To compare the changes in graft height in patients after sinus floor augmentation (SFA) with and without mesenchymal stem cells (MSCs) and to evaluate the survival rate of implants placed after SFA. Material and methods: Twenty patients were randomised into two groups. The test group patients had a bone biopsy taken from the tuberosity region from which bone cells were cultured. All patients had a SFA with a composite bone graft (BioOss® /autogenous bone). The patients in the test group had the cultured cells added. Two implants were placed in the augmented area four months later and the augmentation height at the distal side of the implants was evaluated from panoramic radiographs at the time of implant placement (T1) and after a minimum of 2.5 years (T2). The implant survival was evaluated. Due to insufficient bone quality one implant could not be placed 4 months after SFA, two implants disintegrated after prosthetic treatment and two implants in one patient were unaccounted for since the patient failed to show up – all in the MSC group. A statistically significant reduction in augmentation height of 1.27 ± 0.23 mm and 1.88 ± 0.37 mm in the MSC and non-MSC group was found after a minimum of 2.5 years, respectively (p<0.01).
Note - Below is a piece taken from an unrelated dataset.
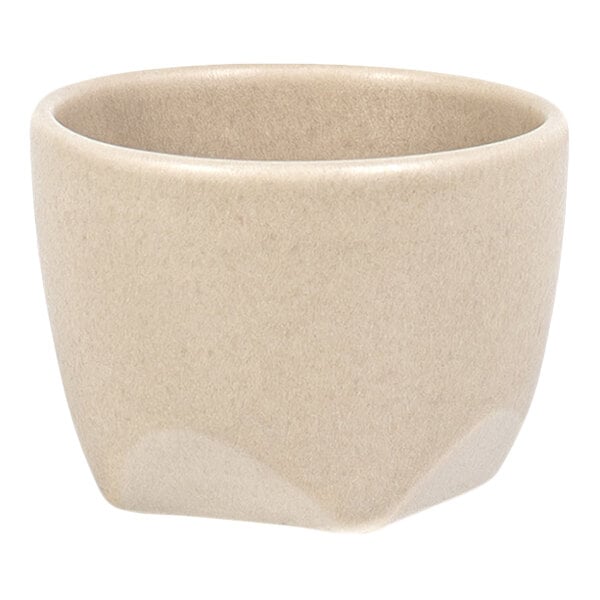 A small, beige, round cup with a slightly flared rim and a smooth matte finish.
No overall difference between the two groups was found (p=0.18), however significantly less reduction in augmentation height was found in the most anterior implant position in the MSC group compared to the non-MSC group (p<0.05). Adding MSCs to SFA did not improve implant survival after a minimum of 2.5 years. A reduction in augmentation height of 10-13 % was found. The anterior augmentation height was more stabile when MSCs were added to the bone graft.